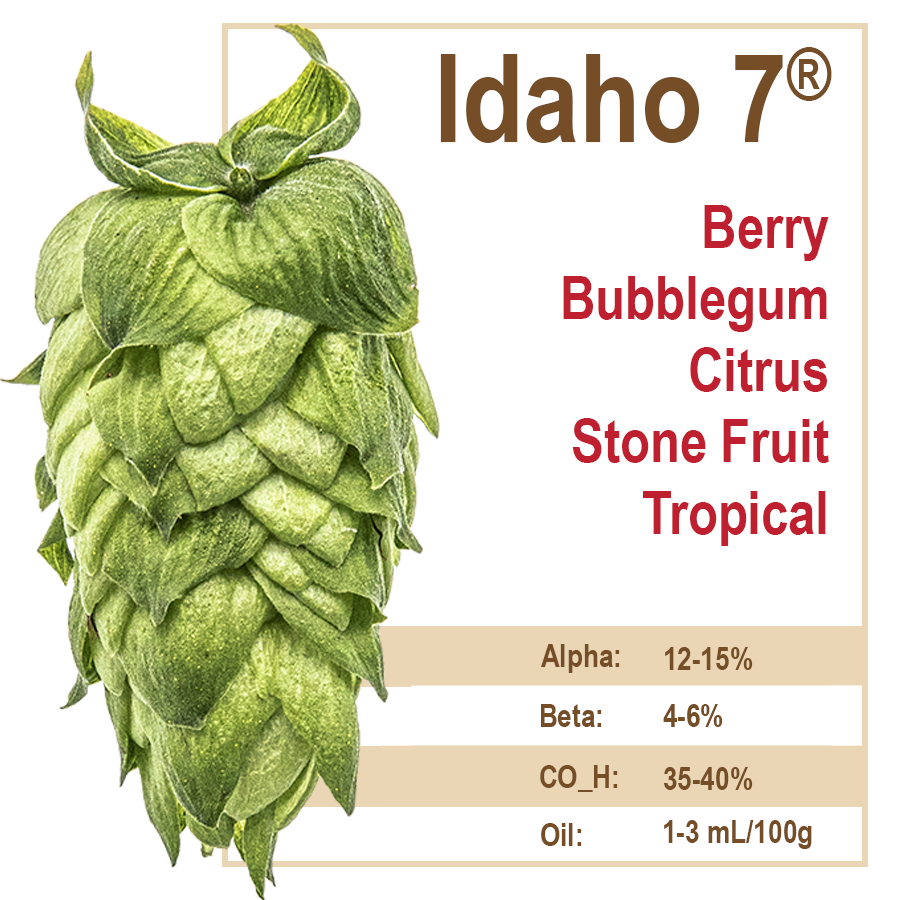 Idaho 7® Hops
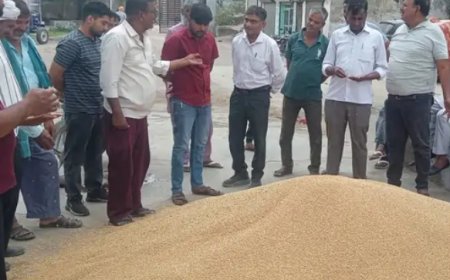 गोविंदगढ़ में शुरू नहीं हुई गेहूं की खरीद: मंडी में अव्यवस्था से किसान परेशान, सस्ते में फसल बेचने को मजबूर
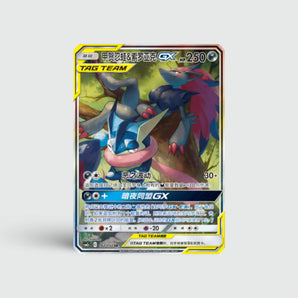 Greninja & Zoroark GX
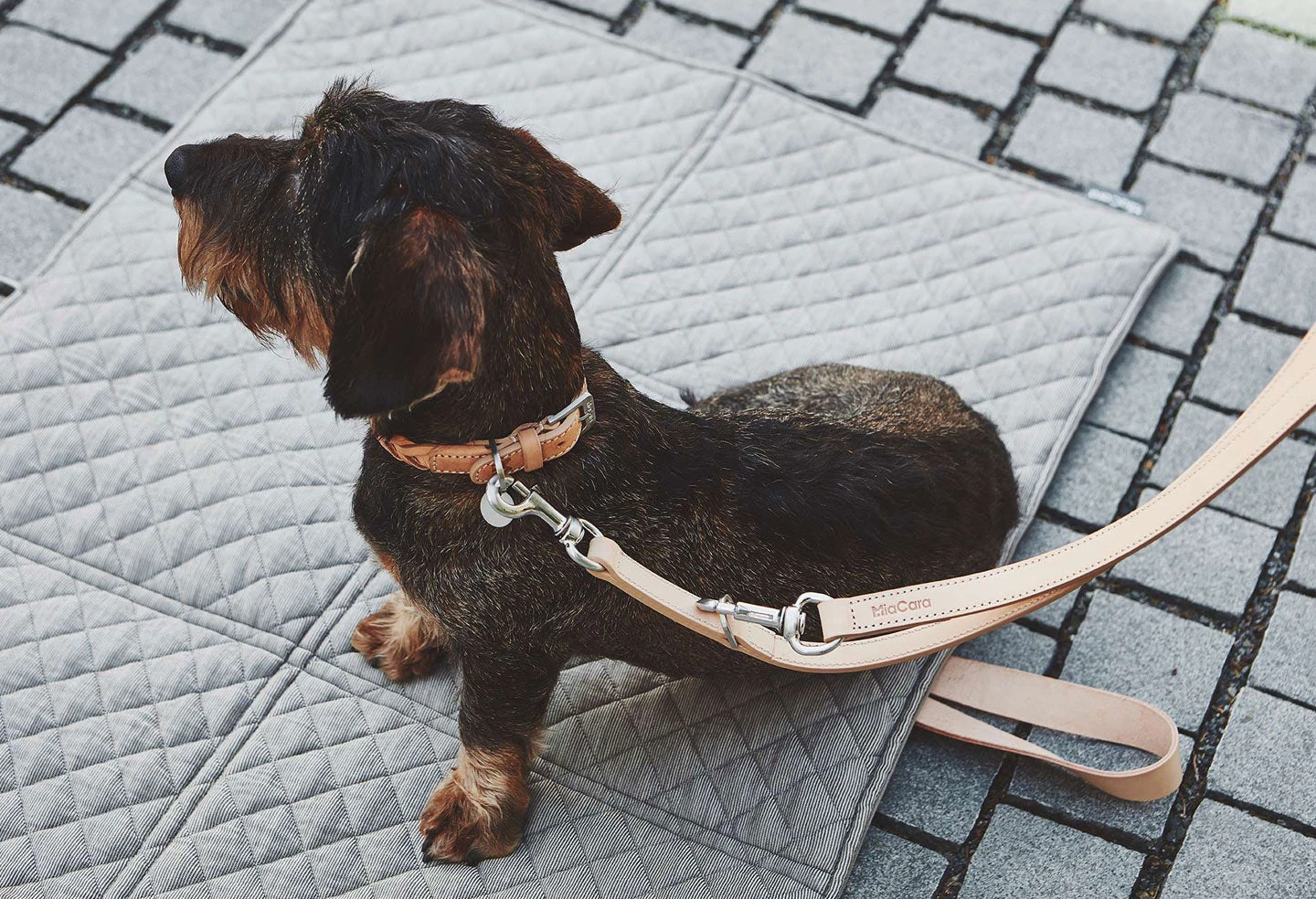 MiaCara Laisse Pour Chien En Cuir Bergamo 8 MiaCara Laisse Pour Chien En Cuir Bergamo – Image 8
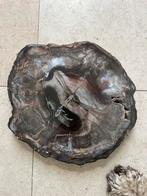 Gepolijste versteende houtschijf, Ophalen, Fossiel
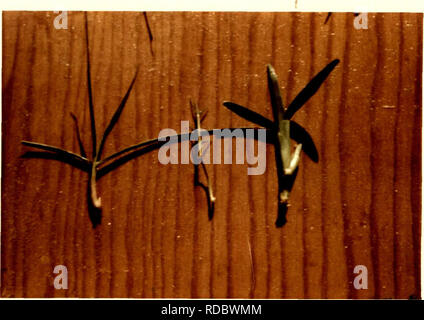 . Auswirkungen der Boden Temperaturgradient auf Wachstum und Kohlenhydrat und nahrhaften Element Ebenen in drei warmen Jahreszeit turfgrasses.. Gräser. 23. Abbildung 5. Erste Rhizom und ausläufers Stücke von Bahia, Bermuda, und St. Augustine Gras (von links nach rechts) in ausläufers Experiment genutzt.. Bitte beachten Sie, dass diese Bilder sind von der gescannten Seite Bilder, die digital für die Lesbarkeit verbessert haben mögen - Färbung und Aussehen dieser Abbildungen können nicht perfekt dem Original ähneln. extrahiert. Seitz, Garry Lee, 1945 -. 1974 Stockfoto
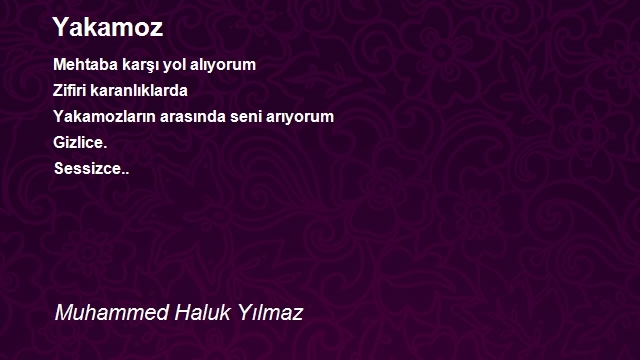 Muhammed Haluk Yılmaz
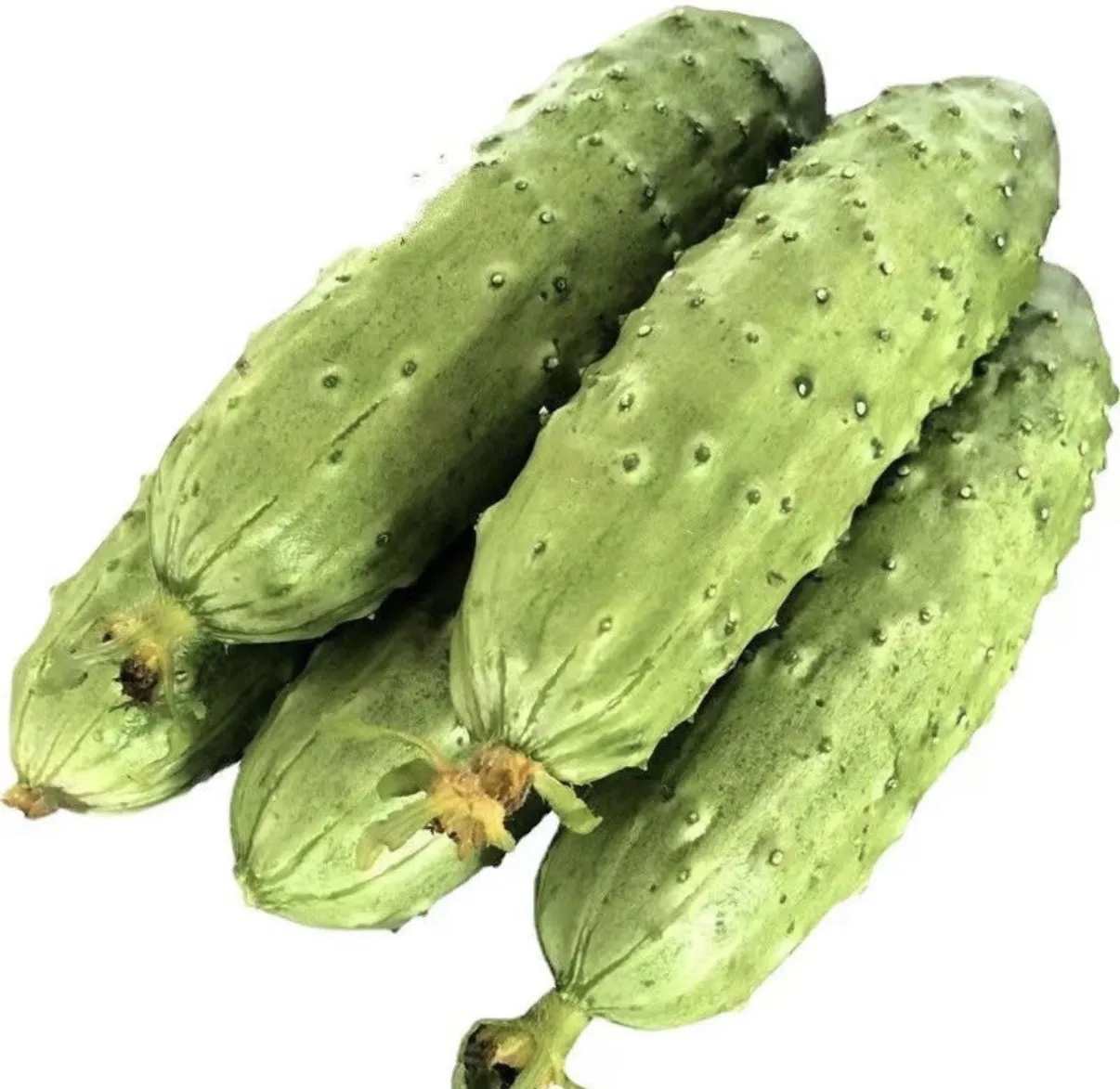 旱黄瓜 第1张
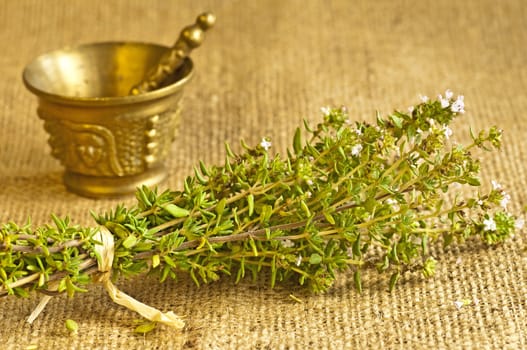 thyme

----------------------------------------

YOUR GOAL → With the pictures excluded, restate the material exactly as it stands.

RESPONSE BELOW →
 Idaho 7® Hops
 गोविंदगढ़ में शुरू नहीं हुई गेहूं की खरीद: मंडी में अव्यवस्था से किसान परेशान, सस्ते में फसल बेचने को मजबूर
 Greninja & Zoroark GX
 MiaCara Laisse Pour Chien En Cuir Bergamo 8 MiaCara Laisse Pour Chien En Cuir Bergamo – Image 8
 Gepolijste versteende houtschijf, Ophalen, Fossiel
 . Auswirkungen der Boden Temperaturgradient auf Wachstum und Kohlenhydrat und nahrhaften Element Ebenen in drei warmen Jahreszeit turfgrasses.. Gräser. 23. Abbildung 5. Erste Rhizom und ausläufers Stücke von Bahia, Bermuda, und St. Augustine Gras (von links nach rechts) in ausläufers Experiment genutzt.. Bitte beachten Sie, dass diese Bilder sind von der gescannten Seite Bilder, die digital für die Lesbarkeit verbessert haben mögen - Färbung und Aussehen dieser Abbildungen können nicht perfekt dem Original ähneln. extrahiert. Seitz, Garry Lee, 1945 -. 1974 Stockfoto
 Muhammed Haluk Yılmaz
 旱黄瓜 第1张
 thyme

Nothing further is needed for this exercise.